Proposition 209, challenged since its inception, will continue to be challenged. According to the National Law Journal, the same day this decision was handed down, the California Supreme Court asked the state attorney general whether Proposition 209 violates the Equal Protection clause. Although Californians voted to put the government out of the skin color business, groups continue to challenge and state entities continue to defy the peoples' will.
Attorney Alan Foutz of the Pacific Legal Foundation said the American Civil Rights Foundation, which filed the lawsuit against Berkeley, likely will appeal the decision to the state supreme court. "The court has carved a big hole in Proposition 209 by permitting school districts to use race as one of the factors that determine where kids will go to school," Foutz told the Oakland Tribune. "Prop. 209 is comprehensive and categorical in banning the use of race in student assignment. The court has undermined that mandate for color blind educational policy by allowing districts to continue using race in its student assignment decisions."

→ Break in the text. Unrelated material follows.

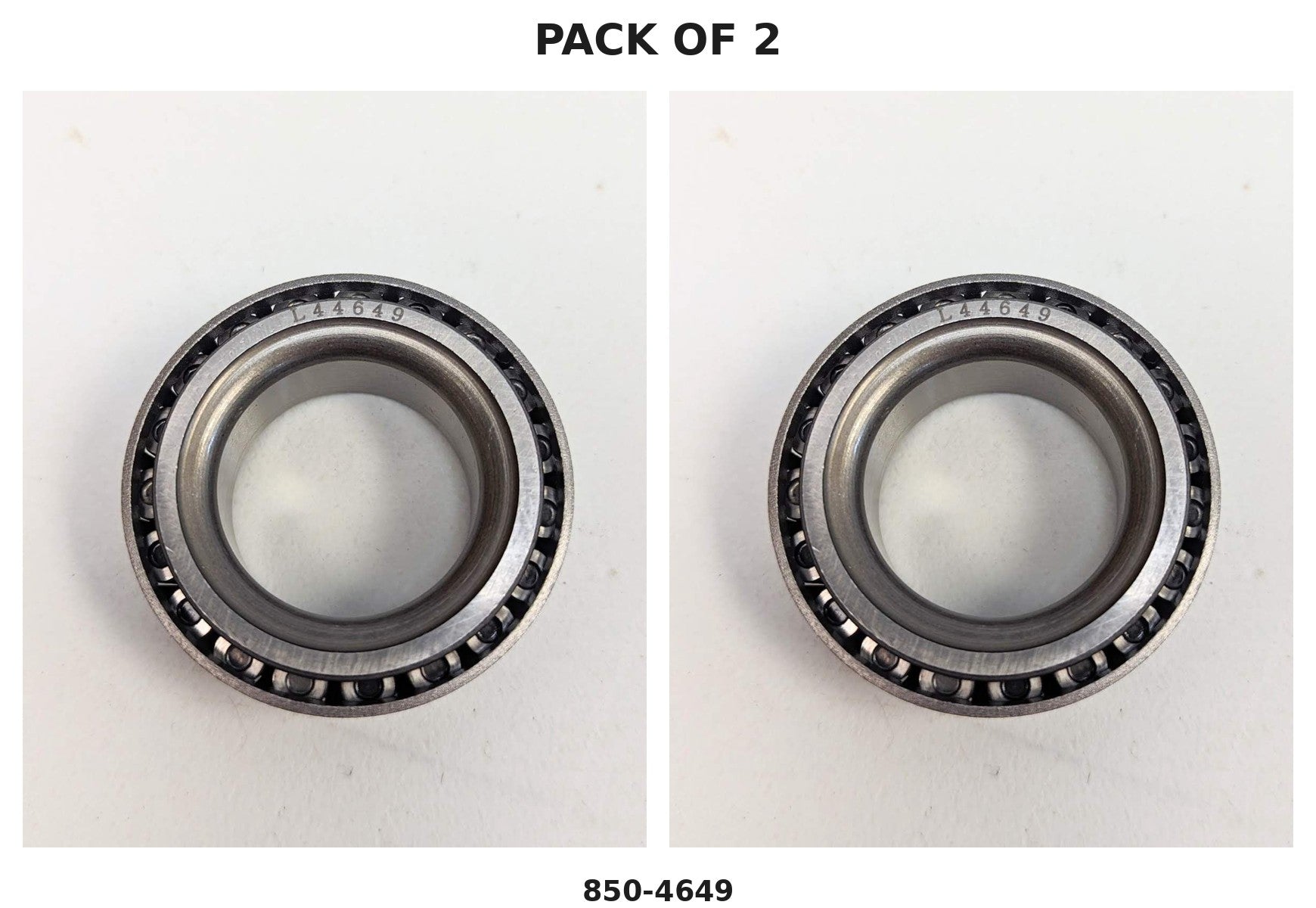 Trailer Bearing Kit Pair – Both Sides for 2,200 lb Axles (L44649/L44610)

As the Center for Equal Opportunity's Roger Clegg notes, California's use of a racial classification is enough to trigger strict scrutiny, no matter how cleverly it tries to get around the law. Why does the government continue discriminating by race, when the whole point of civil rights-era laws was to prohibit the government from discriminating by race? Diversity, no matter how wonderful it may be, does not and will never justify this practice.